Peresean Memukau, Identitasnya Budaya Lombok
Peresean, sebuah tradisi bela diri khas suku Sasak di Lombok, bukan sekadar adu ketangkasan fisik. Lebih dari itu, peresean adalah sebuah tontonan yang memukau, perpaduan antara seni, olahraga, dan ritual adat yang sarat akan makna. Bagi mereka yang belum pernah menyaksikannya secara langsung, peresean mungkin terlihat brutal. Dua orang “petarung” atau pepadu, berhadapan dengan senjata rotan (penjalin) dan perisai kulit kerbau (ende), saling memukul untuk menjatuhkan lawan. Namun, di balik adu fisik yang intens itu, tersimpan filosofi mendalam yang mengakar kuat dalam kebudayaan Sasak.
Asal-Usul dan Makna Historis
Secara historis, peresean diyakini telah ada sejak era kerajaan-kerajaan kuno di Lombok, tradisi ini berfungsi sebagai ritual untuk melatih para prajurit sebelum mereka bertempur di medan perang. Pada masa itu, peresean adalah ajang untuk menguji keberanian, ketangkasan, dan strategi bertarung. Selain itu, peresean juga erat kaitannya dengan ritual adat, terutama untuk memohon hujan. Masyarakat Sasak percaya, semakin banyak darah yang tumpah dalam pertarungan, semakin cepat hujan akan turun membasahi bumi. Ritual ini melambangkan pertarungan antara maskulinitas dan alam untuk mendatangkan berkah.
Seiring berjalannya waktu, peresean tidak lagi digunakan sebagai media latihan prajurit, melainkan menjadi sebuah pertunjukan seni yang dilangsungkan dalam berbagai acara penting, seperti upacara perkawinan, peringatan hari besar, dan festival budaya. Meskipun demikian, nilai-nilai luhur dari peresean tetap dipertahankan. Pertarungan peresean bukanlah tentang dendam atau mencari musuh. Justru, tradisi ini dilangsungkan untuk menguji keberanian, kejantanan, dan sportivitas.
Peresean di Era Modern
Elemen lain yang membuat peresean begitu unik adalah peran pekembar atau wasit. Tidak seperti wasit pada umumnya, pekembar dalam peresean tidak hanya memimpin jalannya pertarungan, tetapi juga berfungsi sebagai semeton atau sesepuh yang bijaksana. Pekembar bertugas menjaga agar pertarungan tetap berjalan dalam koridor adat dan tidak sampai menimbulkan cedera serius. Keterampilan dan kearifan seorang pekembar sangat dihormati, dan keputusannya selalu dijunjung tinggi oleh para pepadu dan penonton.

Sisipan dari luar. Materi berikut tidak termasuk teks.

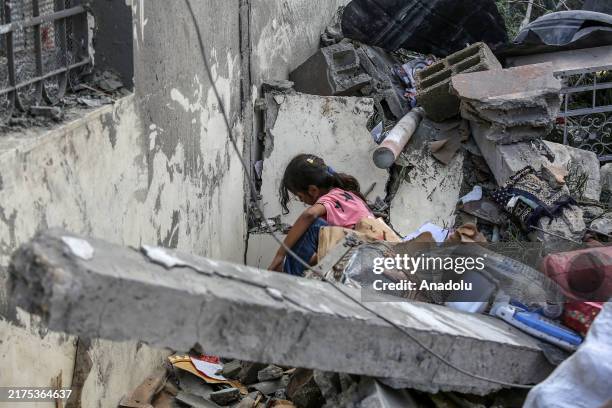 Palestinians are among the buildings which were destroyed by an Israeli strike, which caused the death of at least 40 people according to the...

Sayangnya, popularitas peresean sebagai tontonan kini mulai tergerus oleh hiburan modern. Banyak generasi muda yang tidak lagi tertarik untuk menjadi pepadu atau mempelajari filosofi di baliknya. Padahal, peresean adalah warisan budaya yang tak ternilai harganya. Ia adalah cerminan dari semangat perjuangan, keberanian, dan persaudaraan yang telah dipegang teguh oleh suku Sasak secara turun-temurun. Oleh karena itu, sudah saatnya kita kembali menaruh perhatian pada tradisi ini. Melestarikan peresean bukan hanya tentang menjaga sebuah atraksi seni, tetapi juga tentang merawat identitas budaya dan nilai-nilai luhur yang terkandung di dalamnya. Dengan dukungan dari berbagai pihak, peresean bisa terus hidup dan menjadi kebanggaan bagi seluruh masyarakat Indonesia.
Aturan dan Perlengkapan dalam Peresean
Peresean dimainkan oleh dua orang pepadu yang dilengkapi dengan perisai (disebut ende) dan rotan (disebut penjalin). Perisai yang terbuat dari kulit kerbau atau kulit sapi ini berfungsi untuk menangkis serangan rotan lawan. Sementara itu, rotan yang lentur dan kuat menjadi senjata utama untuk menyerang.
Pertarungan peresean dipimpin oleh seorang wasit yang disebut pekembar. Pekembar bertugas untuk memastikan pertarungan berjalan adil dan sesuai aturan. Sebelum bertarung, para pepadu akan melakukan ritual khusus untuk memohon keselamatan dan kekuatan. Pertarungan biasanya berlangsung dalam beberapa ronde, dan pemenangnya ditentukan berdasarkan jumlah pukulan yang berhasil mengenai lawan atau jika salah satu pepadu menyerah.
Nilai Filosofis dan Manfaat bagi Masyarakat
Peresean tidak hanya sekadar pertarungan fisik, tetapi juga mengandung nilai-nilai filosofis yang mendalam. Berikut adalah beberapa manfaat peresean bagi masyarakat Lombok:
Sarana Rekonsiliasi dan Hiburan:
Pertarungan peresean seringkali menjadi sarana untuk menyelesaikan perselisihan atau konflik antar desa. Setelah bertarung, para pepadu akan saling berpelukan sebagai tanda persahabatan dan sportivitas. Hal ini mengajarkan masyarakat tentang pentingnya perdamaian dan persaudaraan.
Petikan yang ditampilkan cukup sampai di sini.